(Directions for this task): Lines from the one containing "Utah Jazz point" through the end of the data are to be returned exactly, and no others.
*** Opening Task inputs ***
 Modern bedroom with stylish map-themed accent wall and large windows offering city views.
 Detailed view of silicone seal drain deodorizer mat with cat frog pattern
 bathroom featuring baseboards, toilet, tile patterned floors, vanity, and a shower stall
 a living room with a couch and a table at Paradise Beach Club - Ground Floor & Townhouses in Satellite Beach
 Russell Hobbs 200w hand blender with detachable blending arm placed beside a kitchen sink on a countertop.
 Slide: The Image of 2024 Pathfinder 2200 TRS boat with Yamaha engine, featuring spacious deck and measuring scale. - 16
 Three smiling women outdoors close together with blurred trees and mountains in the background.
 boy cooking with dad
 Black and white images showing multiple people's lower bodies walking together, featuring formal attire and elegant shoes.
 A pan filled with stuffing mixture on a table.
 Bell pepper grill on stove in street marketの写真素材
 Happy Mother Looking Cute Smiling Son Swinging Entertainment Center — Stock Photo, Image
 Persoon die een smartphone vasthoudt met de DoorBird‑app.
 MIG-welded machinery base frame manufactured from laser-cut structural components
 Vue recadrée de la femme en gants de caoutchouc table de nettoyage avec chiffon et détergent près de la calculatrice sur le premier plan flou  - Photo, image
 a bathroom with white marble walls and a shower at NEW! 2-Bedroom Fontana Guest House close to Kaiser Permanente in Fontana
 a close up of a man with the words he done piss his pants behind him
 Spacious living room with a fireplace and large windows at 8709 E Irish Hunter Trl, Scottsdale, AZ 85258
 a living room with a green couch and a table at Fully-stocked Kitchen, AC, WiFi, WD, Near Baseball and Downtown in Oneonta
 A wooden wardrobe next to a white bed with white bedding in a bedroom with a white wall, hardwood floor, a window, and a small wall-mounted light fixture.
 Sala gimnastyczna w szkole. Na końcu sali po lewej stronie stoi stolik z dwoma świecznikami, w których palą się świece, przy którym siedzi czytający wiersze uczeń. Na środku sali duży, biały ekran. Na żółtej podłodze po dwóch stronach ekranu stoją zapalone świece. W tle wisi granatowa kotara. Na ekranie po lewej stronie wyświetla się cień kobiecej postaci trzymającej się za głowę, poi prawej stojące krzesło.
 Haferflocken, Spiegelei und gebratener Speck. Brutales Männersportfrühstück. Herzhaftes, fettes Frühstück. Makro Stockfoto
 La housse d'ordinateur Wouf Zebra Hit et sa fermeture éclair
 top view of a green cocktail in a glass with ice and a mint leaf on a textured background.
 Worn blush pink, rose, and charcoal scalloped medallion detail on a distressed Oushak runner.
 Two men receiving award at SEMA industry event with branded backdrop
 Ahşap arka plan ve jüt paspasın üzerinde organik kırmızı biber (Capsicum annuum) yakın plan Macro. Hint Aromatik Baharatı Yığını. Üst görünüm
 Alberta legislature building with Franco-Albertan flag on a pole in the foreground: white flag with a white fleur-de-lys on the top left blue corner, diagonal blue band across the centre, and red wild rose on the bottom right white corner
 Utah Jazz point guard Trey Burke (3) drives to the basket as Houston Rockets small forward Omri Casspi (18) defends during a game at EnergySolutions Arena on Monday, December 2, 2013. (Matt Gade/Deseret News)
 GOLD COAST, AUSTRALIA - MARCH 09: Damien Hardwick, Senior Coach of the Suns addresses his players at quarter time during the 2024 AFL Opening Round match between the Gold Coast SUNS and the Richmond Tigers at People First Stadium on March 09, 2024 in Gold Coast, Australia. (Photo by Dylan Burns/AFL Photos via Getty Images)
*** Closing Task inputs ***
(Result for this task):
 Utah Jazz point guard Trey Burke (3) drives to the basket as Houston Rockets small forward Omri Casspi (18) defends during a game at EnergySolutions Arena on Monday, December 2, 2013. (Matt Gade/Deseret News)
 GOLD COAST, AUSTRALIA - MARCH 09: Damien Hardwick, Senior Coach of the Suns addresses his players at quarter time during the 2024 AFL Opening Round match between the Gold Coast SUNS and the Richmond Tigers at People First Stadium on March 09, 2024 in Gold Coast, Australia. (Photo by Dylan Burns/AFL Photos via Getty Images)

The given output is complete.